Getting Tough With Pakistan Will Help Salvage Afghanistan
I’ve spent a lot of time on this blog about Afghanistan and Pakistan…so much time, in fact, that I sometimes think I’ve exhausted everything I have to say about the subject. But my focus on Afghanistan and Pakistan has always remained consistent over the past year, the main one being that both nations are crucial to America’s counterterrorism efforts. And both countries, by the way, have taken on such an importance to U.S. foreign policy that the last two administrations have spent enormous amounts of presidential resources on Afghan and Pakistani relations.
But my lack of clarity and my writer’s block on “AfPak” quickly disappears when I hear the same old questions being asked in the press. Why is the U.S. in Afghanistan? Why is NATO struggling to defeat the Taliban? Why is the insurgency spreading despite thousands of American troops on the ground? And why is Osama bin-Laden still at large, sitting in a cave somewhere after close to a decade of being America’s number one enemy?
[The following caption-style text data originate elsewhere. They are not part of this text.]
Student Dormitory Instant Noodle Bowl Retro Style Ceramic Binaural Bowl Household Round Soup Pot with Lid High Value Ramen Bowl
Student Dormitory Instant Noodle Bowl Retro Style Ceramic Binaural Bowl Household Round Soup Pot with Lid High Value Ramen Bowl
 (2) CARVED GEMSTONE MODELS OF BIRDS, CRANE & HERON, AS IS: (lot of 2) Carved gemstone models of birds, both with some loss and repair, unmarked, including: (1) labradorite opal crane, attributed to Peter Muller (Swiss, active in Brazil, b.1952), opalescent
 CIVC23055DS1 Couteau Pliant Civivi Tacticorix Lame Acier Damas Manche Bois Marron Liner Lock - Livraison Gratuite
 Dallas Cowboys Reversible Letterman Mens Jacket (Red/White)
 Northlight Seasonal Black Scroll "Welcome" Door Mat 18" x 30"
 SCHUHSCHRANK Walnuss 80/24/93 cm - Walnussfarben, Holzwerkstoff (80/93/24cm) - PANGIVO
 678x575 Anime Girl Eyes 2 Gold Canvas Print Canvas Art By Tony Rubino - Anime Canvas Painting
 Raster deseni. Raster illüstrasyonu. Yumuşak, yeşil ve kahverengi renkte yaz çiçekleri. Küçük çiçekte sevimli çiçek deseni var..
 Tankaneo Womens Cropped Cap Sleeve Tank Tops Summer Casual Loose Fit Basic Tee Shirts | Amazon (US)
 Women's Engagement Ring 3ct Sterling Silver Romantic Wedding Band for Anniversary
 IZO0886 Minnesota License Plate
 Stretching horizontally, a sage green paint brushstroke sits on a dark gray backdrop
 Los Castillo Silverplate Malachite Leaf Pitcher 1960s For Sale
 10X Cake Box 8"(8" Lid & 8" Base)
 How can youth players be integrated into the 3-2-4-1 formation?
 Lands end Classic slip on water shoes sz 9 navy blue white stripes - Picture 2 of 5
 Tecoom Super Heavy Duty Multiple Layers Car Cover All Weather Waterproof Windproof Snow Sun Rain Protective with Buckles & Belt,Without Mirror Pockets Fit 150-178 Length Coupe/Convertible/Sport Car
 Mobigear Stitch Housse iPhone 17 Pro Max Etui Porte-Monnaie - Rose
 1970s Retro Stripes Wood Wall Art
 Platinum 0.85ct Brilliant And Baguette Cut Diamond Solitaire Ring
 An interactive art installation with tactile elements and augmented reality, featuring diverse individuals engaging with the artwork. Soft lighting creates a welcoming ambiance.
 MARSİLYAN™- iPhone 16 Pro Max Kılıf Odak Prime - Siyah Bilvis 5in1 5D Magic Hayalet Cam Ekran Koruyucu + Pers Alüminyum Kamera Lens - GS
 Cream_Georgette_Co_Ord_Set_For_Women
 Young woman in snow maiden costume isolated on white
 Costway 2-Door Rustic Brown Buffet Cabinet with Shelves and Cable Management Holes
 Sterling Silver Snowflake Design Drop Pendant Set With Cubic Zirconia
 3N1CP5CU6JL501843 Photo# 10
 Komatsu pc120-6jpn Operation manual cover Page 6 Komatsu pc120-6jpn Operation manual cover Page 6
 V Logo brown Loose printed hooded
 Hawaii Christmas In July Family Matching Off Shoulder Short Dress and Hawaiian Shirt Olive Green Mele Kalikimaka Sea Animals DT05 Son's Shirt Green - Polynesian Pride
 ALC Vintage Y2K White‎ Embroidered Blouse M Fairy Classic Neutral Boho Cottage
All the questions may be different in some capacity, and some are actually reminiscent of doubts Americans had before September 11. But even with these supposed differences, the answer comes back to a single country that has yet to show its full capacity, but could improve the situation remarkably if they decided to cooperate in a wholehearted way. That nation is Pakistan.
The United States and NATO will be hard-pressed to achieve anything in Afghanistan if Pakistan’s security services refuses to get on board with what Washington is trying to accomplish. In fact, Pakistan’s unhelpful behavior over the last nine years is the major reason why the U.S. and its allies are fairing badly in southern Afghanistan today. Of course, this is not the only reason; a faulty war plan and an artificial timetable for withdrawal also make the job of securing Afghanistan that much more difficult (the Taliban can basically pack it in and lay low until July of next year, when the coalition pulls out).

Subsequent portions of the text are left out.